ISRAEL JOURNAL OF MEDICAL SCIENCE, Volume 17, Number 1: Pages 45-48.
January 1981.



Royal Children’s Hospital, Melbourne, Australia

ABSTRACT. Over a period of six years, five seriously ill infants were referred with complications arising from ritual circumcision performed by non-physicians. Four infants developed systemic infections; in three of them, including one with early meningitis, there was septicemia. The common predisposing factor was an excessively tight dressing over an infected penile wound, leading to urinary retention, urinary tract infection and septicemia. In the fifth infant, the glans had been partially amputated and required a suture; a second dressing tightly applied to control the bleeding was removed without subsequent problems. To prevent the above complications careful attention should be paid to the baby’s voiding within the first 6 to 8 h after circumcision. In addition it is suggested that all dressings should be removed, or at least replaced, on the day following circumcision, whene the likelihood of primary hemorrhage has passed. These two simple maneuvers may avoid the above-mentioned complications.        Isr J Med Sci 17: 45-48, 1981.

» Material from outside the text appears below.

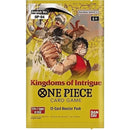 OP04 Kingdoms of Intrigue English Booster Pack - One Piece Trading Card Game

Much has been written about circumcision (1--4). An increasing awareness of the complications and possible mortality following the procedure has contributed to a decline in its frequency in Western society. Nevertheless, Jewish infants all over the world continue to be circumcised. The biblical instruction (mitzvah) concerning circumcision on the eighth day of life is faithfully observed by most Jews (5, 6). The circumcision is usually performed by a ritual circumciser (mohel) who is not a physician; if complications occur, they are often ignored or just accepted. Death following circumcision (7) was discussed in Talmudic times and let to codification of specific laws in the code of Jewish Law (Shulhan Arch) (8). Problems associated with ritual circumcision (brit milah) continue to be reported in medical (5, 6, 9-13) and nonmedical (7) literature. Complications may be due to technique (6, 7, 9), or to a lack of awareness of problems that may arise.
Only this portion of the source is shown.